He posed the highly pertinent question of how comrades were to relate to the progressive forces previously hegemonised by neoliberals such as Khatami (the answer appeared to be something along the lines of ‘what the SWP did with the anti-war movement’), but did not mention what our attitude to the Iranian state ought to be.

The dangerous (for the SWP) but unspoken implication of this was that solidarity ought to be directed to precisely those progressive forces, not to Iran as such (including, of course, the reactionary state hierarchy), as the official SWP line seems to be. Khamenei, Rafsanjani and Khatami were specified as neoliberals, although Ahmadinejad’s socio-economic politics were not referred to. Comrade Massoumi may have pulled some punches, but his speech was by no means the kind of crass analysis we have come to expect from SWP speakers on this subject - rather, it seemed to have been pieced together from older SWP/International Socialists publications (someone ought to have told the comrade the line had changed).

Nevertheless, this departure from the SWP position may have been sufficiently vague to have gone unnoticed by many. But the same could not be said for the first speaker from the floor, a comrade from the Middle East who referred to the tens of thousands of massacred Iranian leftists, and declared that the emergence of the military-bureaucratic state had been a victory for imperialism. For him Ahmadinejad represented a continuation of previous policies - with the difference that now every part of the state machine is controlled by supporters of the military.

In response, we faced no less than four SWP top-table regulars - Jonathan Neale, Alex Callinicos, Elaheh Rostami Povey and Chris Nineham - trooping up to the podium to deliver their pathetic and frankly immoral apologetics. Iran was said to be the “most democratic state in the Middle East” and the usual favourable comparisons with Saudi Arabia were trotted out (Israel being mysteriously unmentioned). Rostami Povey made a truly mind-bending statement, arguing that the existence of a pro-democracy movement ipso facto meant there was democracy. Apparently people “talk politics on the bus” without fear of reprisal - well, that’s all right then.

The sheer idiocy of all this is self-evident.
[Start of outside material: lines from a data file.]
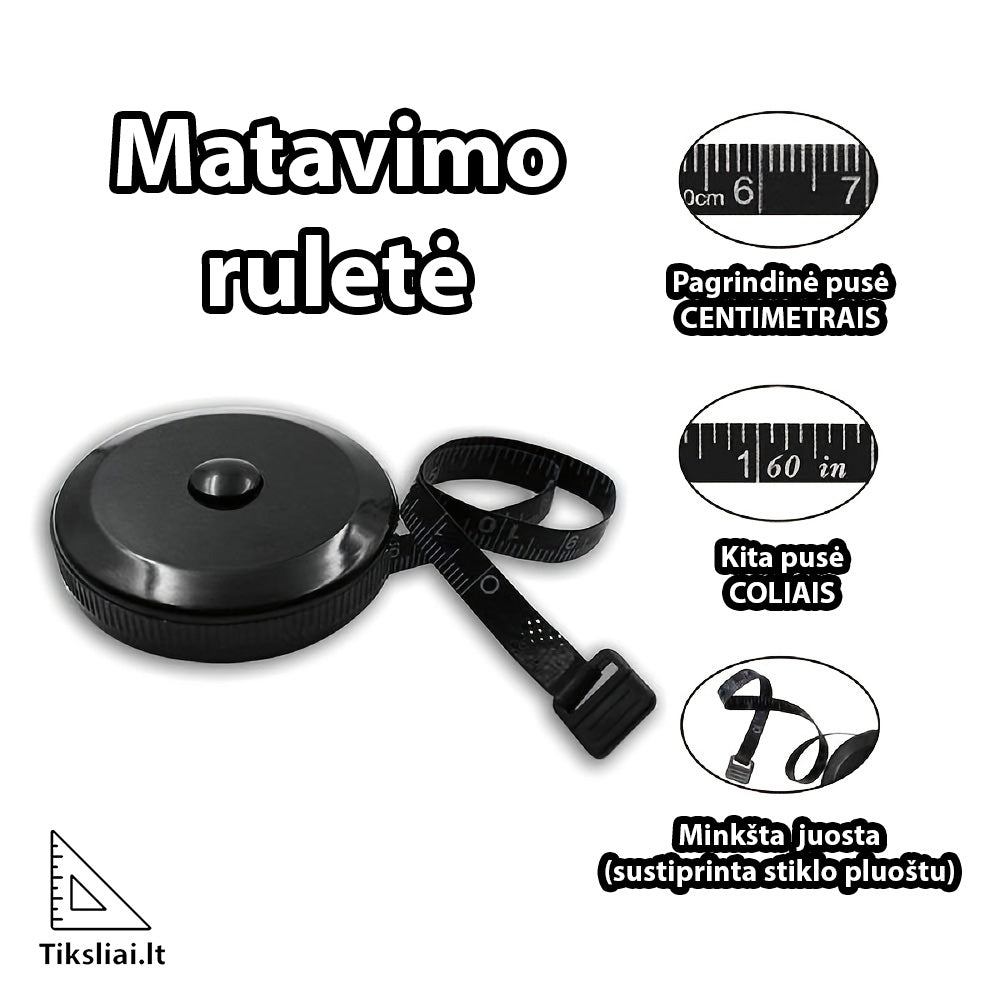 Black Mini Measuring Tape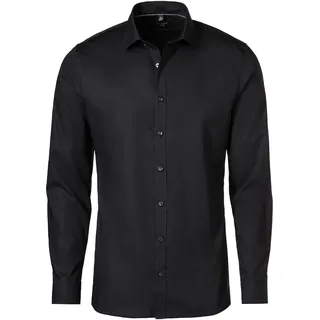 Olymp No. Six super Slim Fit Businesshemd mit Kentkragen, Black, 36,
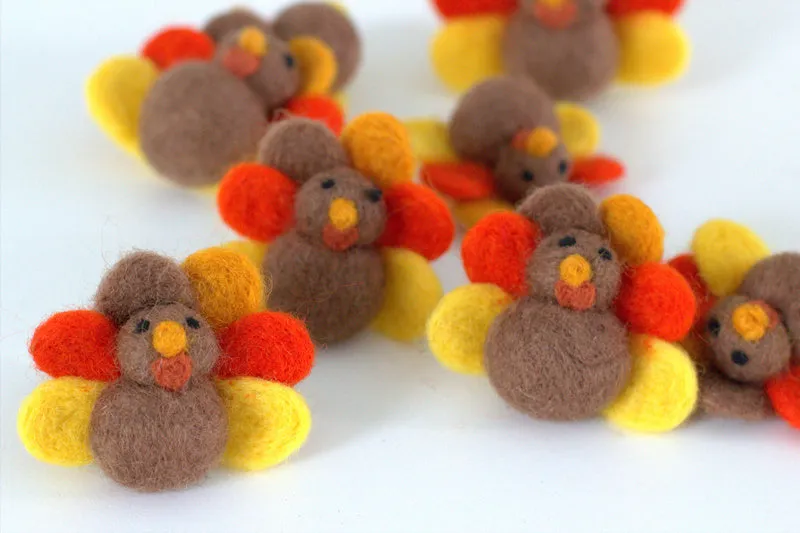 Thanksgiving Turkey Felt Shapes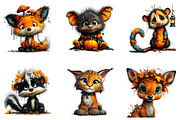 Creepy Cute Woodland Animals, a Seasonal Illustration by CreationArt (Thumbnail 5 of 5)
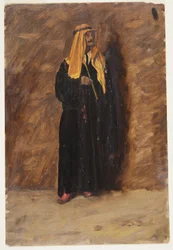 Rysunek, Studium stojącego beduina, 1868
Equally obvious is that the SWP leadership is fanatically keen on policing this particular issue - three leaders and one prominent spokesperson present, and all laying down the same line in the debate!

Sure enough, it paid off: comrade Massoumi found himself backtracking and scrabbling to put the massacres of communist prisoners “in context” - not, unsurprisingly, in the more illuminating context of many of those same victims’ support for the reactionary followers of Khomeini: a mistake enthusiastically repeated by Callinicos, Povey and their ilk.